What it's all about and how it works
Wireless-charging technology is not new. The Palm Pre smartphone had it back in 2009. The technology uses electromagnetic waves to transmit energy by inducing a current within a coil inside the device, which charges the battery.
The wireless chargers in the market generally require close proximity to the device, though companies are developing wireless charging solutions that work from a distance.
Having wireless charging in a mobile device helps to reduce wear and tear of the device's charging port.
It could also help prevent inadvertent damage to the port. Most phones use the micro-USB port that needs to be plugged in the right orientation and may be damaged by improper use.
However, newer smartphones are switching to the USB Type-C variant that, like Apple's Lightning connector, has a reversible plug. This makes it almost impossible for users to plug the connector wrongly and damage the port.
Wireless-charging transmitters can also be integrated into desks, lamps and even desktop monitors to create a seamless, cable-free look in homes, offices and public venues.
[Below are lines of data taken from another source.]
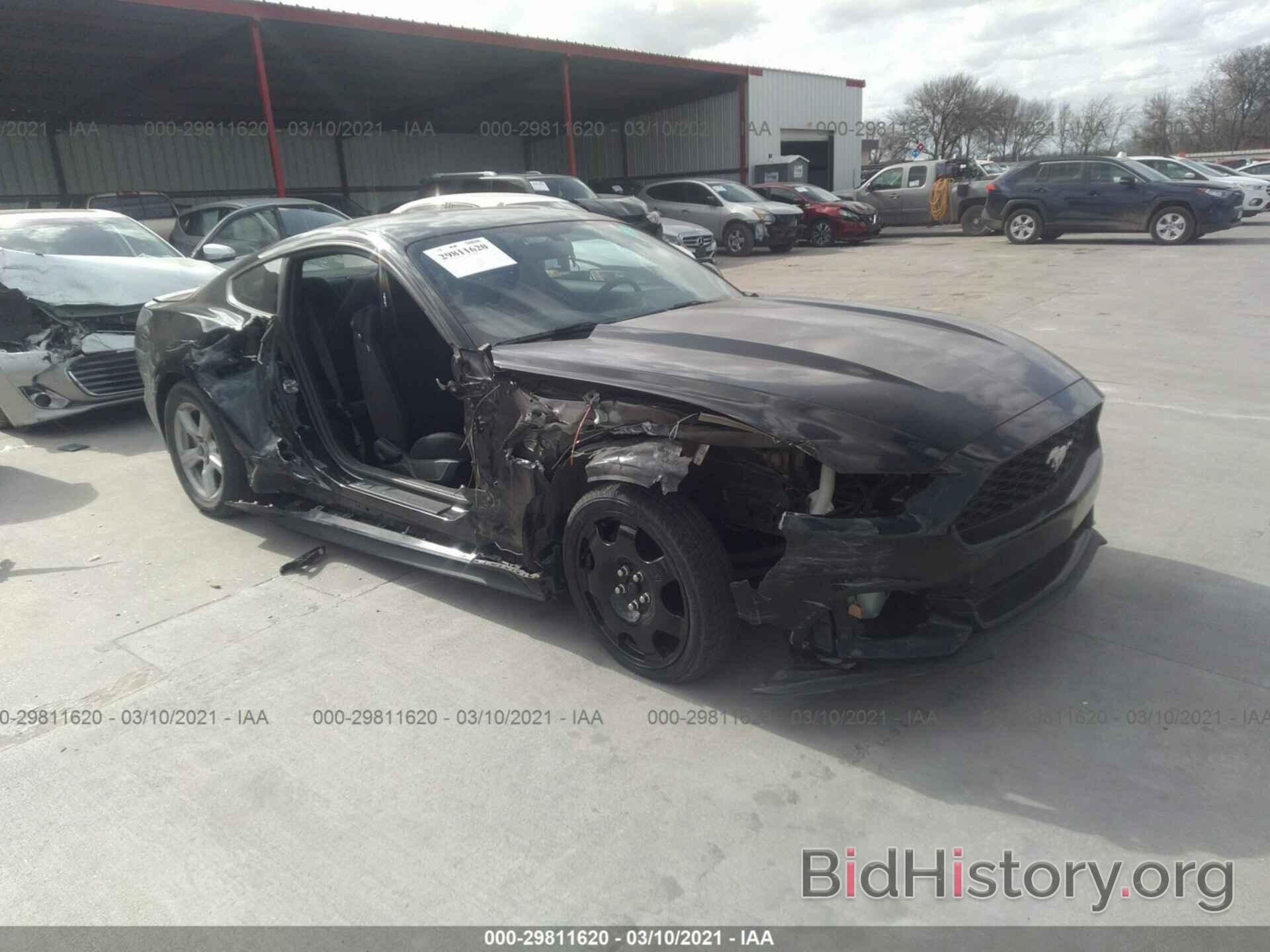 Photo 1FA6P8AM4H5240839 - FORD MUSTANG 2017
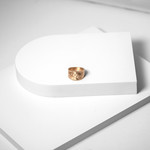 Bague plaqué or effet martelé mat bord perlé - vue D1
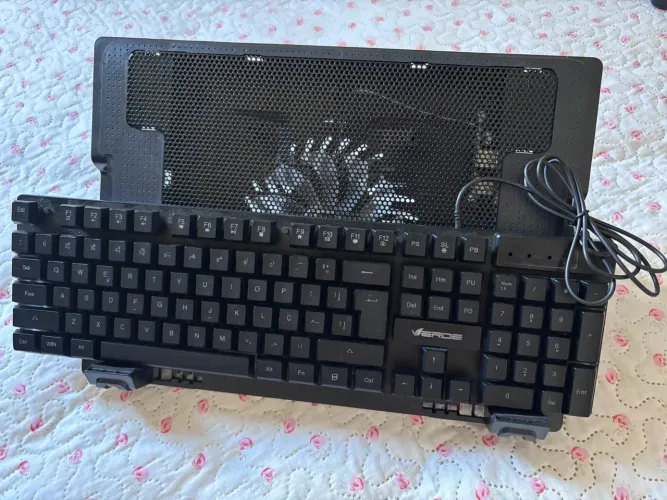 Vendo suporte p/ notebook e teclado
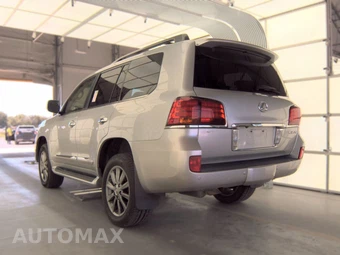 2011 Lexus LX 570 - miniatura 6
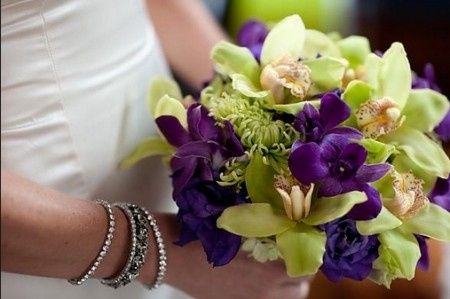 com orquídeas verdes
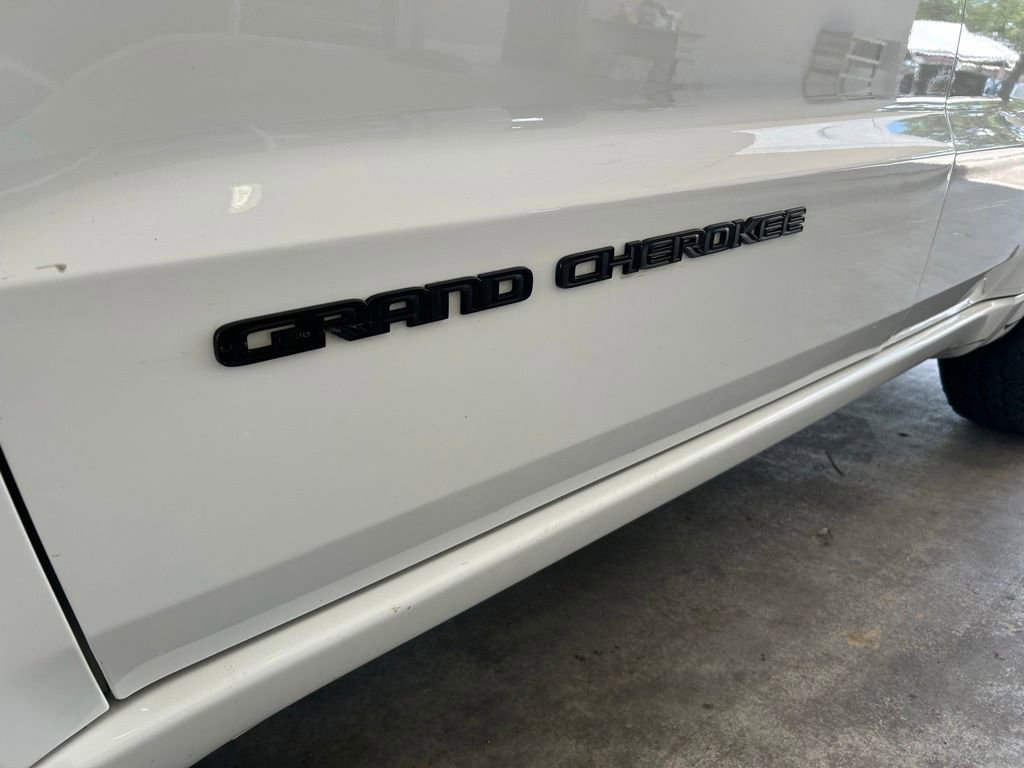 Used 2018 Jeep Grand Cherokee Altitude AWD/4WD image 14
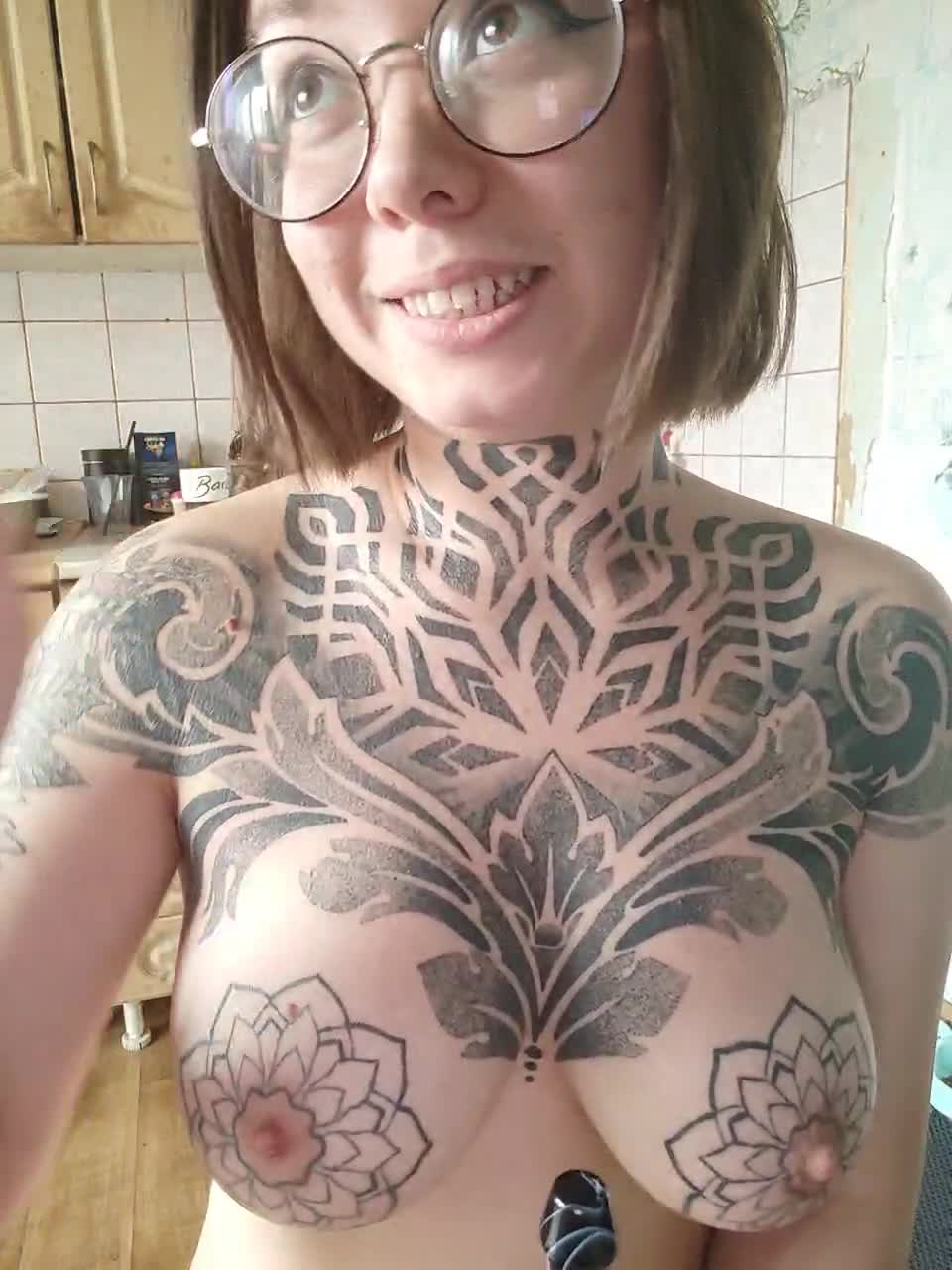 View or download file asiyaxoma on 2023-10-13 from bongacams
Swedish furniture retailer Ikea has been selling a range of wireless-charging home furniture in Singapore since May.
An Ikea spokesperson described local sales as encouraging, but declined to reveal exact sales figures.
Wireless charging has its drawbacks. It typically takes longer as it is not as efficient as wired charging.
A study by the Colorado State University found the Qi wireless technology to be between 60 and 70 per cent efficient in power transfer.
This inefficiency shows up in the form of heat. And as the wireless charging surface gets warm, it could also shorten the lifespan of the phone's battery over time.
In 2013, coffee-chain Starbucks added wireless-charging mats to select stores in the United States. Last year, the company expanded it to the UK. However, Starbucks told The Straits Times that it does not plan to install wireless-charging stations here yet.
Unlike the Qi-based wireless- charging stations at McDonald's, the ones at Starbucks use a competing standard by the Power Matters Alliance (PMA). The two are not compatible.
The fragmented nature of the technology, with multiple competing standards, has been holding back its mainstream adoption, said IDC analyst Bryan Ma.
Market research firm IHS Markit predicts that just 10 per cent of smartphones shipped in 2016 will have wireless-charging capability.
But things have been improving. Last year, PMA merged with the Alliance for Wireless Power group to form the AirFuel Alliance, reducing the number of players from three to two.
Standing in the way of the Airfuel Alliance is the Wireless Power Consortium, which is responsible for the Qi standard, arguably the most commonly used wireless-charging technology in mobile devices.
"The presence of two standards has definitely slowed things down in terms of adoption in the smartphone market, said IHS Markit analyst Vicky Yussuff, adding that the two standards can co-exist.
She added that multi-standard solutions are already becoming available. The latest Samsung Galaxy S7 and S7 edge smartphones support both Qi and PMA standards.
Tech giant Apple has yet to implement wireless charging in its iPhones. But the firm recently dipped its toes into the technology with the Apple Watch.
This leads Ms Yussuff to predict that Apple will release a wireless-charging-enabled iPhone in the next 18 months.
Mr Ma believes that it could take years to iron out the kinks in wireless charging in mobile devices. But he says that the technology could gain traction in wearables and motor vehicles. "Wireless charging makes sense for wearables given the small size constraints and waterproofing issues around open USB ports," he said.
The technology can also reduce cable clutter in cars. Models from the likes of Audi, General Motors and Toyota already come with wireless chargers.
But there is a long road ahead for the technology to win over the average consumer.
Samsung Galaxy S6 owner Christopher Chua got a free wireless-charging pad when he bought the phone last year. But he stopped using it after a while.
"I charge my phone when I go to bed. But the wireless charger stops working when the phone is fully charged. I wake up the next morning and the phone is less than 100 per cent charged," he said.